AVENTURÉ, ÉE. Qui est en danger d’être perdu. Quod in periculo est. Le diamant est bien aventuré. R. Caff. Coméd. Affaire aventurée.

Une dame aventurée au jeu de trictrac, est une dame qu’on avance d’abord beaucoup, sans être assuré de pouvoir la couvrir promptement. L. S.

AVENTUREUX, EUSE. adj. Qui s’aventure, qui s’expose témérairement au péril. Ad audendum projectus. Qui temerè fortune se committit. Je craint les guides aventureux. Le P. Tournemine. Ce soldat est fort aventureux. ☞ Ce terme vieillit, dit l’Académie. On peut bien le regarder comme vieux & suranné.

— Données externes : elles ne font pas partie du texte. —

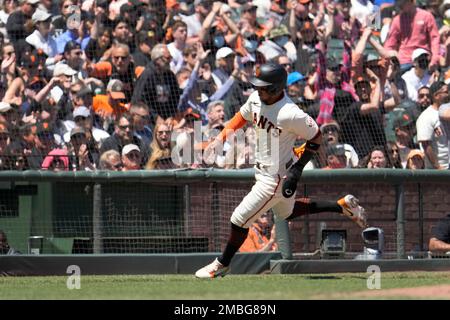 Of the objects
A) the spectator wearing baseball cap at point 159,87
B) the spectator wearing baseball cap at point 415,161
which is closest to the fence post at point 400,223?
the spectator wearing baseball cap at point 415,161

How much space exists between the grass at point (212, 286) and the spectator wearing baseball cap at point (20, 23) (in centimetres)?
Result: 505

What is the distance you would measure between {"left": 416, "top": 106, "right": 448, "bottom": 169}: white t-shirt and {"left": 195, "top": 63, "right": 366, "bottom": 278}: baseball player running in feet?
9.16

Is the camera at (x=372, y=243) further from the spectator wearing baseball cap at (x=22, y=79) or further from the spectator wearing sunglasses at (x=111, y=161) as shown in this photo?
the spectator wearing baseball cap at (x=22, y=79)

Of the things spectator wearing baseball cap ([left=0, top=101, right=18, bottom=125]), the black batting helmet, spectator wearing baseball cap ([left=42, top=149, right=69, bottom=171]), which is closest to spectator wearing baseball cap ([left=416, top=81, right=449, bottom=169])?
the black batting helmet

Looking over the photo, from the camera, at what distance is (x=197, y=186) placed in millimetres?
10469

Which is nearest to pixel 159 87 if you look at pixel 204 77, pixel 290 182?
pixel 204 77

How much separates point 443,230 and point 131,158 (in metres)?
3.45

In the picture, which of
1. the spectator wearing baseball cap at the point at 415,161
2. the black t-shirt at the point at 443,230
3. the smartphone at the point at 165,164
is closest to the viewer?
the black t-shirt at the point at 443,230

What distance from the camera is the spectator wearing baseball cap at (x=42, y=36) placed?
13.8 m

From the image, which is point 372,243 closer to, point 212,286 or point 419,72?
point 212,286

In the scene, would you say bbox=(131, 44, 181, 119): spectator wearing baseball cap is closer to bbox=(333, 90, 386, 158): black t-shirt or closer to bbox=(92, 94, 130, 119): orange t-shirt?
bbox=(92, 94, 130, 119): orange t-shirt

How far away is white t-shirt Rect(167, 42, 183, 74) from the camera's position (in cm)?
1367

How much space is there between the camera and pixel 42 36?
45.6 feet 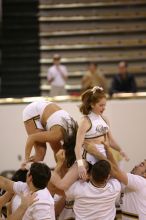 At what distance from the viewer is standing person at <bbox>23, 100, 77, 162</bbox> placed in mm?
5023

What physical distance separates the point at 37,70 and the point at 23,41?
0.74 meters

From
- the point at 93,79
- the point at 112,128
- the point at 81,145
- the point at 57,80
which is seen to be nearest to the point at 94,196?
the point at 81,145

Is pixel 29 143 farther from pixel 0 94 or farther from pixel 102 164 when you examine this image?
pixel 0 94

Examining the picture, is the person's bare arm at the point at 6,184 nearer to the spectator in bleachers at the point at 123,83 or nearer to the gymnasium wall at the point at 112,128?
Result: the gymnasium wall at the point at 112,128

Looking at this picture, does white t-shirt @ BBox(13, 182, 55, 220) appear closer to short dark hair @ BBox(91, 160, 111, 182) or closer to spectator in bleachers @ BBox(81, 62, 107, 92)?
short dark hair @ BBox(91, 160, 111, 182)

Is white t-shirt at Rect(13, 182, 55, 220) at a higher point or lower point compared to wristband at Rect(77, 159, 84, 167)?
lower

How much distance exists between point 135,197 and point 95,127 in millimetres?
702

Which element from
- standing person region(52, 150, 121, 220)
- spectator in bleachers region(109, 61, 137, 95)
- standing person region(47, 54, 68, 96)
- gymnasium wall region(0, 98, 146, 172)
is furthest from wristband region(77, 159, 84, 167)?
standing person region(47, 54, 68, 96)

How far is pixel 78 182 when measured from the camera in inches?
184

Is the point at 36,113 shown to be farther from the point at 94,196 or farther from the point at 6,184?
the point at 94,196

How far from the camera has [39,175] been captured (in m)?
4.22

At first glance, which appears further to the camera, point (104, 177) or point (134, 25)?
point (134, 25)

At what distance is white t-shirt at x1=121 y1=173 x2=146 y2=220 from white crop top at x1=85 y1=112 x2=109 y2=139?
1.33 ft

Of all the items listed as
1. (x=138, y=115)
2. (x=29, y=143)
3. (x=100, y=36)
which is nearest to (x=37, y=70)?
(x=100, y=36) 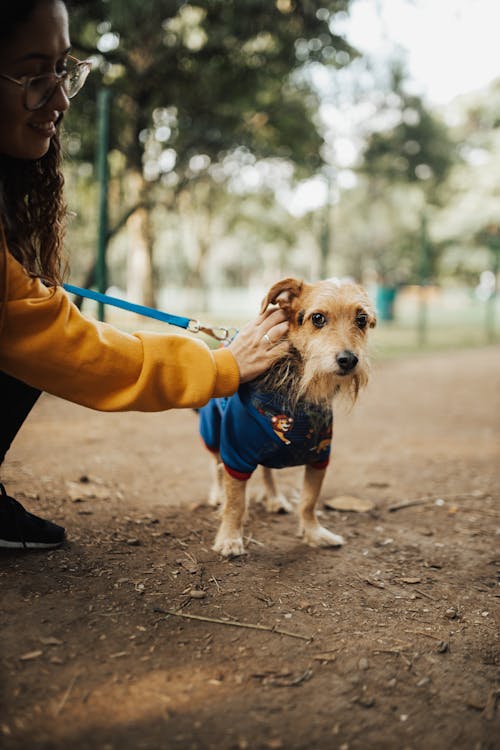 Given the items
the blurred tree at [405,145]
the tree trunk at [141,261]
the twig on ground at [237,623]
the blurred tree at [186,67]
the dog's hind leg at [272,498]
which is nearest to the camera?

☞ AVENTURIER. s. m. Qui cherche les aventures, les occasions de la guerre, sans être attaché à aucun corps. On donnoit ce nom sous Louis XII & François I, à une sorte d’infanterie françoise fort mal habillée ; mais qui pour cela n’en étoit pas moins brave. elle fut soumise par François I, au Colonel général de l’infanterie. D’abord elle n’avoit point de solde, mais on lui fournissoit les étapes dans le royaume, & vivoit en pays ennemi du butin qu’elle y pouvoit faire. On la soumit enfin à la discipline militaire. On en voyoit encore sous Henri IV, mais il n’en a point paru depuis. Note sur Cl. Marot.

☞ Dans le discours familier, on le dit parmi nous d’un jeune homme qui cherche à plaire à toutes les femmes, sans s’attacher à aucune. C’est un jeune aventurier qui ne s’attache à rien, & qui se donne à tout. Vagus, circumforaneus amator.

Aventurier, signifie plus ordinairement parmi nous, un homme sans fortune, qui vit d’intrigues. C’est ce qu’on appelle autrement chevalier d’industrie. Alienâ vivere quadrâ peritus.

☞ Dans le commerce, ce terme désigne des gens sans qualité, qui s’intriguent dans les affaires. Défiez-vous de lui, c’est un aventurier. Se immiscere.

☞ On donne encore le nom d’aventurier à certains coureurs de mer, qui piratent sur les mers de l’Amérique, & qu’on appelle autrement, Flubustiers & Boucaniers. Voyez ces mots.